Credere in se stesse e nei propri talenti è il primo passo verso la propria realizzazione. Inoltre portare il proprio contributo al mondo del lavoro vuol dire contribuire alla crescita del PIL del Paese. Per quanto riguarda l’Italia, la mancata partecipazione delle donne nel sistema produttivo è stata quantificata in 88 miliardi, secondo i calcoli di Eurofund nel 2016.

Girovagando nel web, mi sono imbattuta nel blog creato da Adecco, “Morning Future” e sono atterrrata sulla pagina “vorremmo che le donne festeggiassero il 4 marzo”. Attirata dal titolo ho letto l’articolo. Dati alla mano viene descritta in modo draammatico la situazione Italiana per quanto riguarda l’occupazione femminile.

Il nostro è un Paese che non attinge alle sue risorse, ma le ignora, forse peggio, le mette nell’angolo. Non farsi forte delle donne nel mondo del lavoro, vuol dire sacrificare 88 miliardi di PIL e addirittura contribuire all’invecchiamento della popolazione. Infatti le donne italiane non fanno più figli (1,34 figli per donna).

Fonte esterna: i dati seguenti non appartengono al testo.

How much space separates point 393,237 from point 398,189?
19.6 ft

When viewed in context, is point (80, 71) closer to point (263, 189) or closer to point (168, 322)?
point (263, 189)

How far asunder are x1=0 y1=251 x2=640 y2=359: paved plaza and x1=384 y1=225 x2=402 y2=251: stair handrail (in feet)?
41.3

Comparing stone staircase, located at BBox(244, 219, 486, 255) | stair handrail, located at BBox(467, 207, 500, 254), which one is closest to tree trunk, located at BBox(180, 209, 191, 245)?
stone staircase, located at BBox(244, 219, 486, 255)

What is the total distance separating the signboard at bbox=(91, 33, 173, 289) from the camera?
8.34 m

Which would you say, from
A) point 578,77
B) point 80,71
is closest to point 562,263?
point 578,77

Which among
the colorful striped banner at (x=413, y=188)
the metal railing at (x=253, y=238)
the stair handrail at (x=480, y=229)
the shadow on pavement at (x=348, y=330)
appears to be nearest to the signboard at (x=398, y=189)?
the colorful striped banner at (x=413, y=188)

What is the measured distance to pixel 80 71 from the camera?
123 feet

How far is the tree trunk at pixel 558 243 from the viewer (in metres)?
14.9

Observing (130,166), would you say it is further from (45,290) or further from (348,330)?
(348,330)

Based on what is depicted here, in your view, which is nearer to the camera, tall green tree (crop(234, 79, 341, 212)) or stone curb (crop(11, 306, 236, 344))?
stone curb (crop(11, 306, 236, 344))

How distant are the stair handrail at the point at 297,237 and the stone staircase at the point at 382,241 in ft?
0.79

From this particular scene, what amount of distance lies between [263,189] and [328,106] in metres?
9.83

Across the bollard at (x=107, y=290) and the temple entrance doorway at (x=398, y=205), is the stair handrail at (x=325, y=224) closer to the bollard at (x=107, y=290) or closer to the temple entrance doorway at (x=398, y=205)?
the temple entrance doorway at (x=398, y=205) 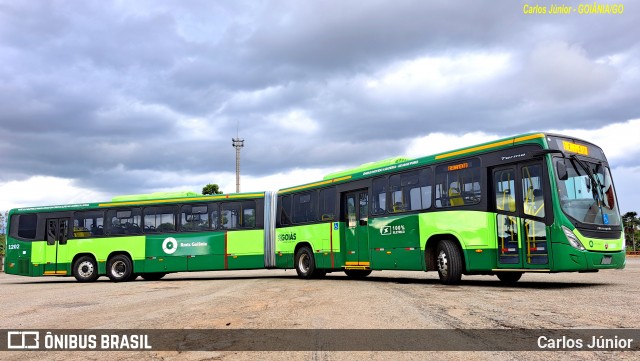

Interessante le quattro idee da cui partire per rilanciare l’occupazione femminile https://www.morningfuture.com/it/ispiriamo-il-cambiamento/occupazione-femminile/5/

Le quattro idee che riporto qui sotto, per vostra comodità, funzionano solo in parte, senza la consapevolezza.

Aver fiducia nelle proprie capacità, conoscere e allenare i propri talenti per farne i motori della propria realizzazione personale e professionale è il pre-requisito per affrontare la vita e il mondo del lavoro.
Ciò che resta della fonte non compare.